(Materials provided)
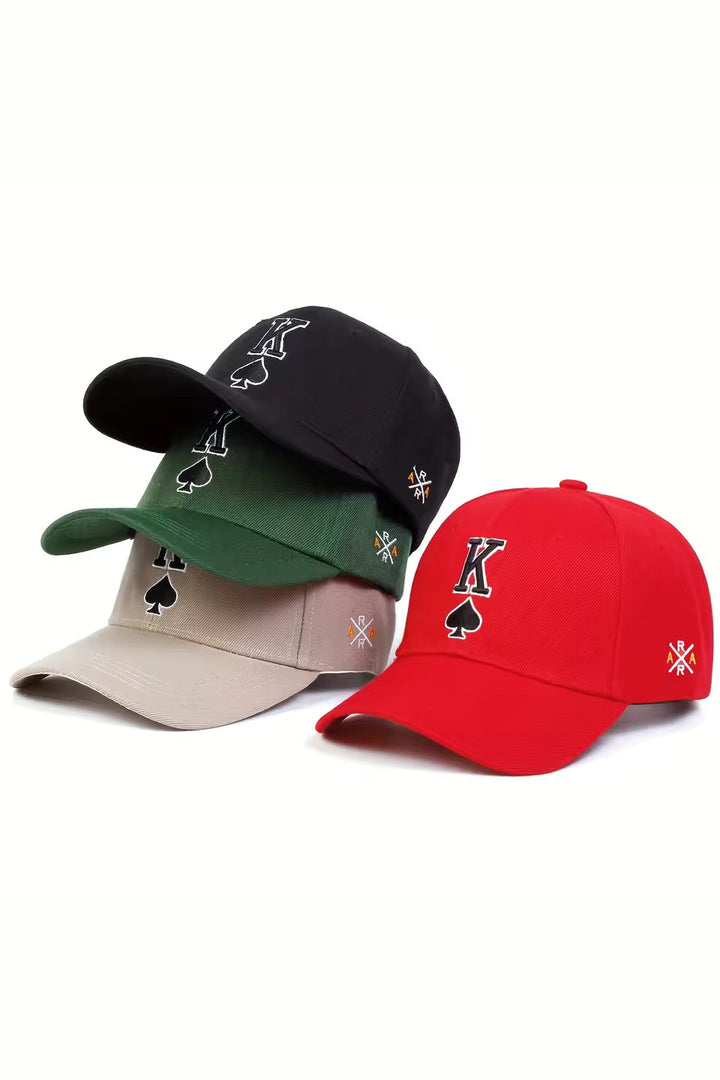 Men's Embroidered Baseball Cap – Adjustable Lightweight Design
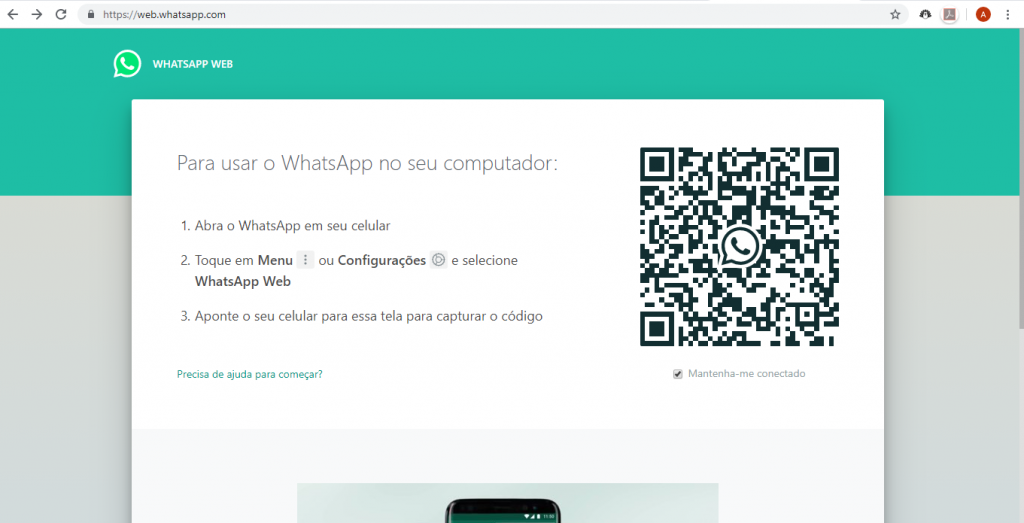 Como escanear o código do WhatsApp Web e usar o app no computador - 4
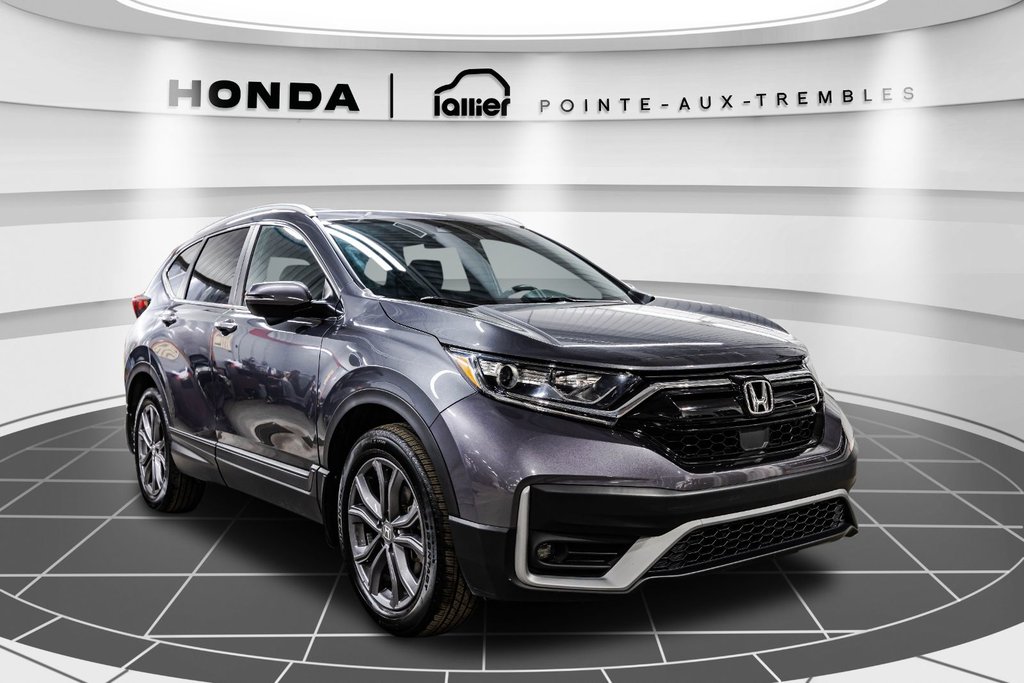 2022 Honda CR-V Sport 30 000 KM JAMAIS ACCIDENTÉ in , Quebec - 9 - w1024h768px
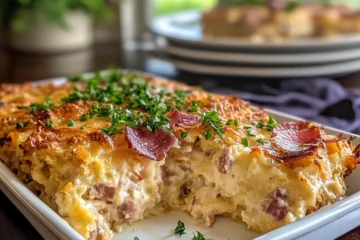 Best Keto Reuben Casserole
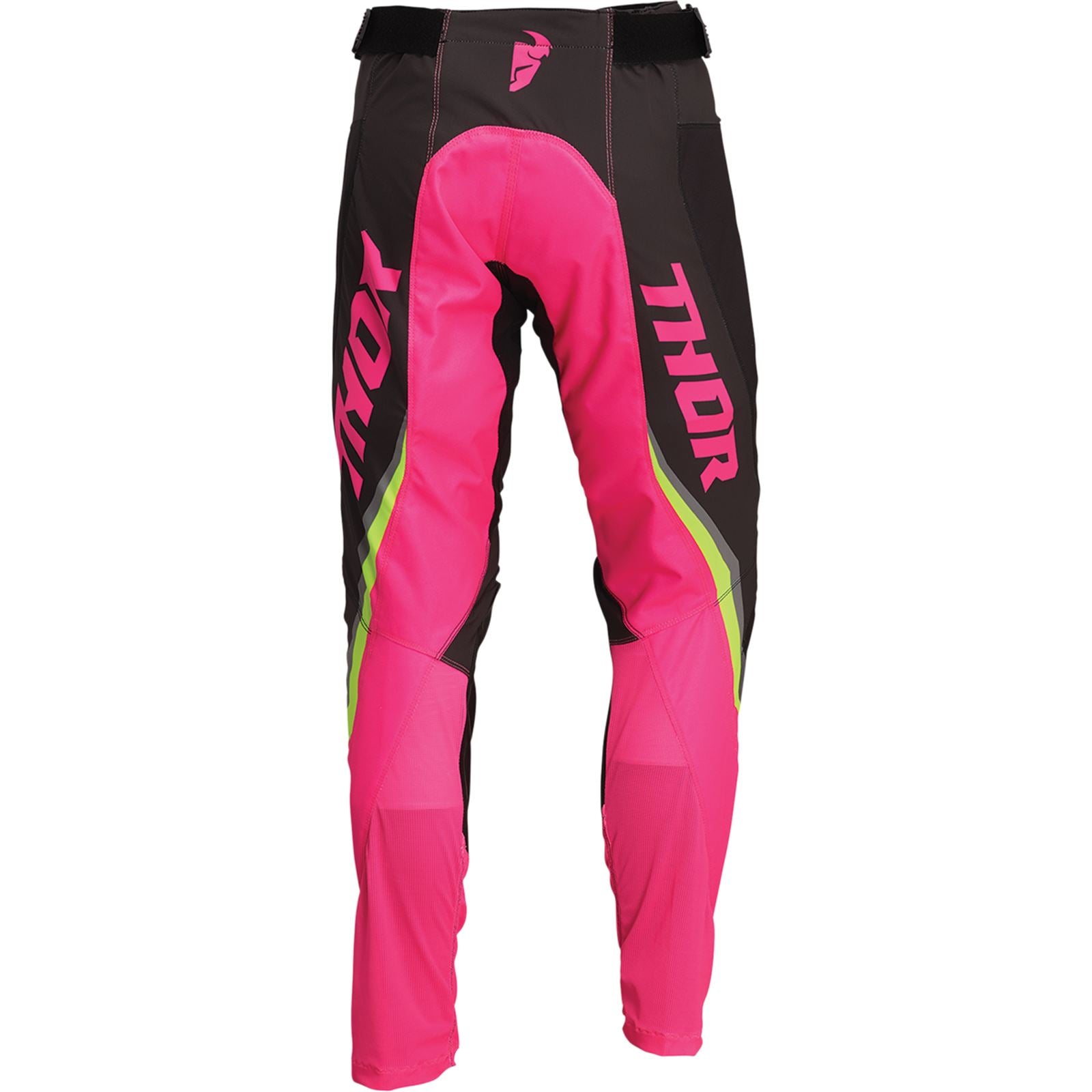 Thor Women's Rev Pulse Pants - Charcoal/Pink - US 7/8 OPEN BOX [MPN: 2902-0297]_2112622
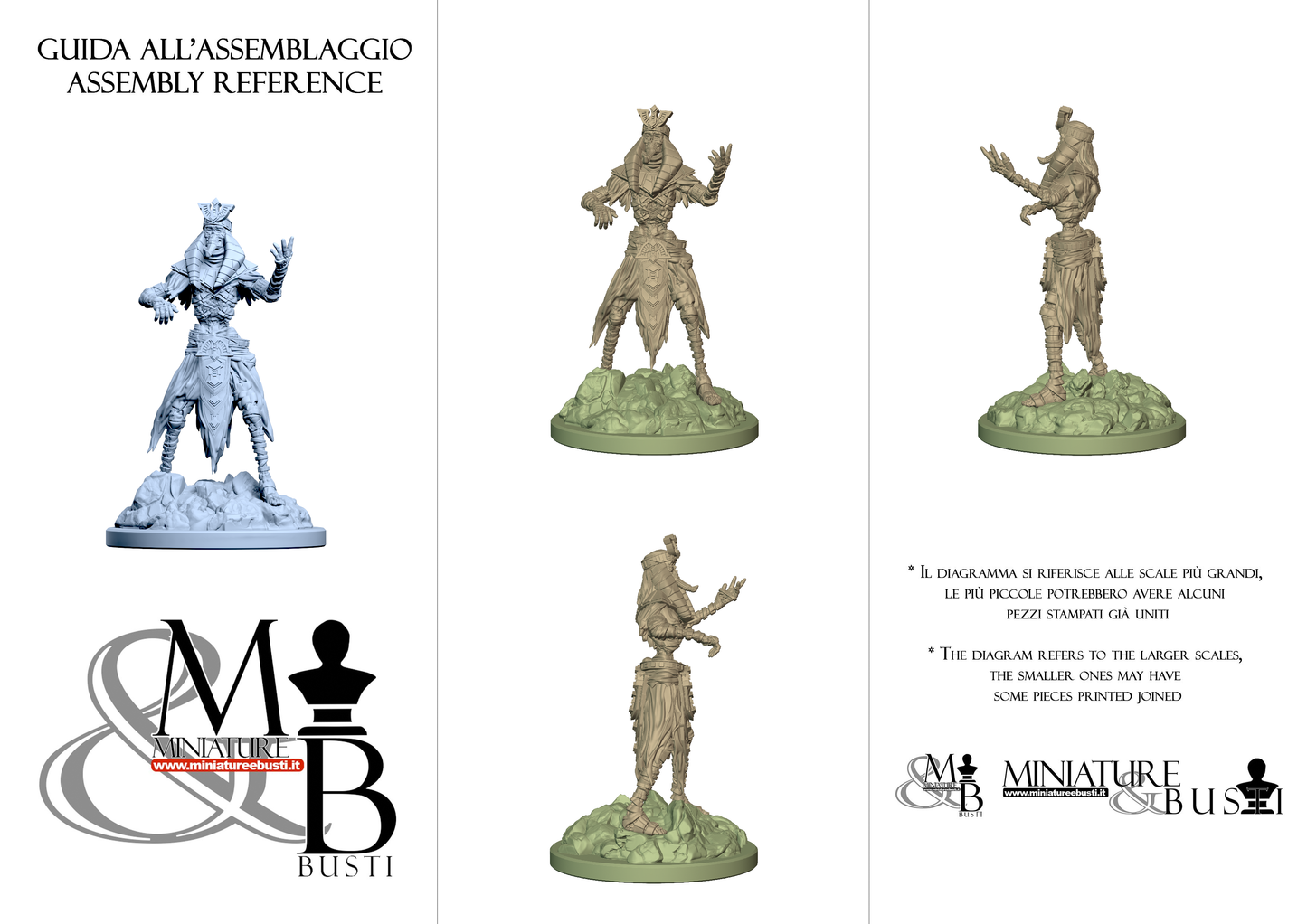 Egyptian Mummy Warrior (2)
(End Materials provided)
(Materials provided)
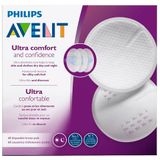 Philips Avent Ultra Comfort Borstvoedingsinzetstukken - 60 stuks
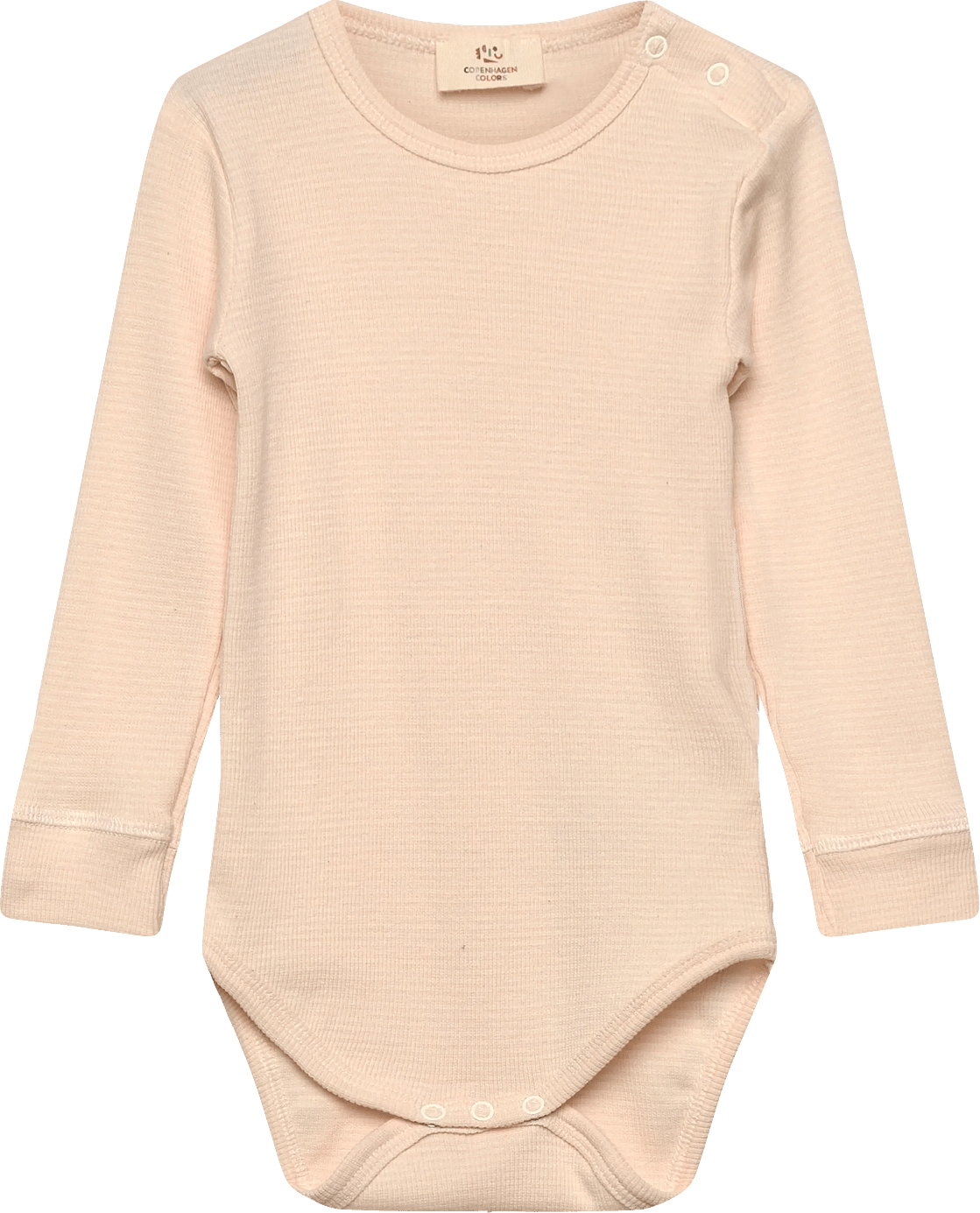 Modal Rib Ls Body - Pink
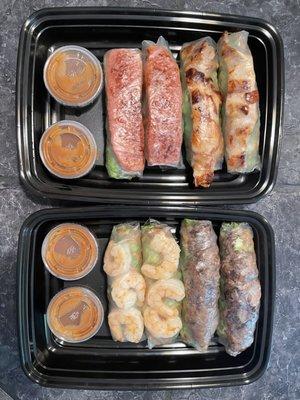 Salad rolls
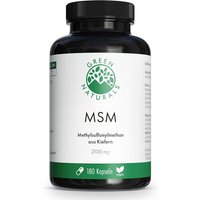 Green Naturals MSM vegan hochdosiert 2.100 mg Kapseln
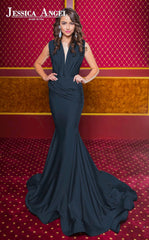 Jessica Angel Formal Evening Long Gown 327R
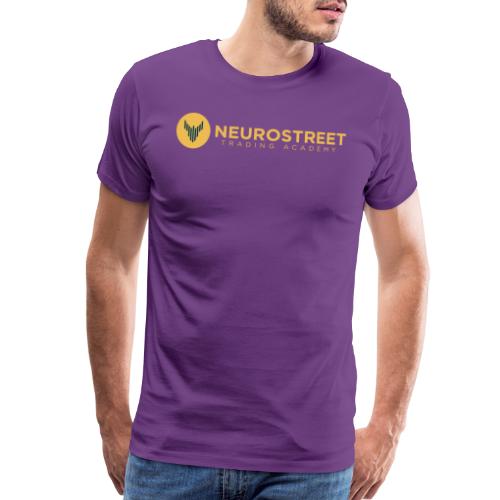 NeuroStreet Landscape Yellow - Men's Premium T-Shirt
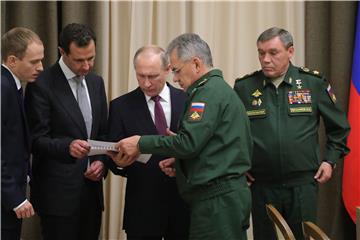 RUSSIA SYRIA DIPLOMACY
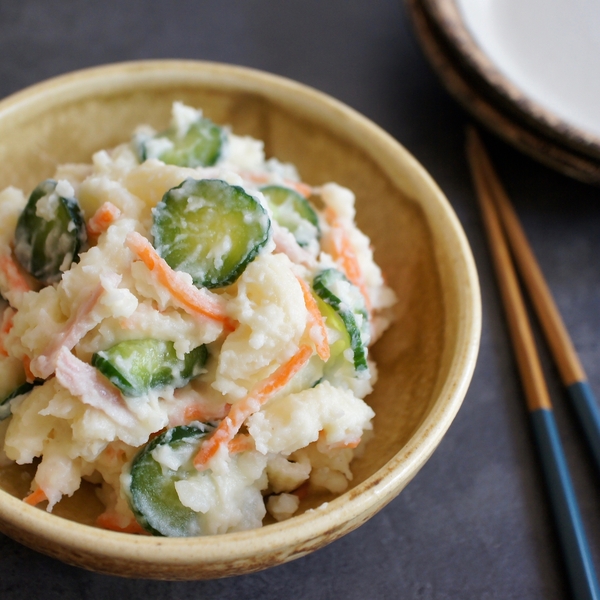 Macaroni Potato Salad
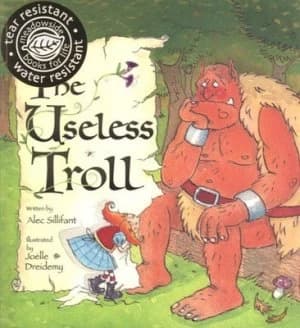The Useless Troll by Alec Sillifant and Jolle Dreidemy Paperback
(End Materials provided)
> _Exercise brief_:
Now transcribe the lines above exactly, starting at the line containing "Green Naturals MSM" and ending at the line containing "The Useless Troll", both lines included, pictures excluded.

> _Answer area_:
 Green Naturals MSM vegan hochdosiert 2.100 mg Kapseln
 Jessica Angel Formal Evening Long Gown 327R
 NeuroStreet Landscape Yellow - Men's Premium T-Shirt
 RUSSIA SYRIA DIPLOMACY
 Macaroni Potato Salad
The Useless Troll by Alec Sillifant and Jolle Dreidemy Paperback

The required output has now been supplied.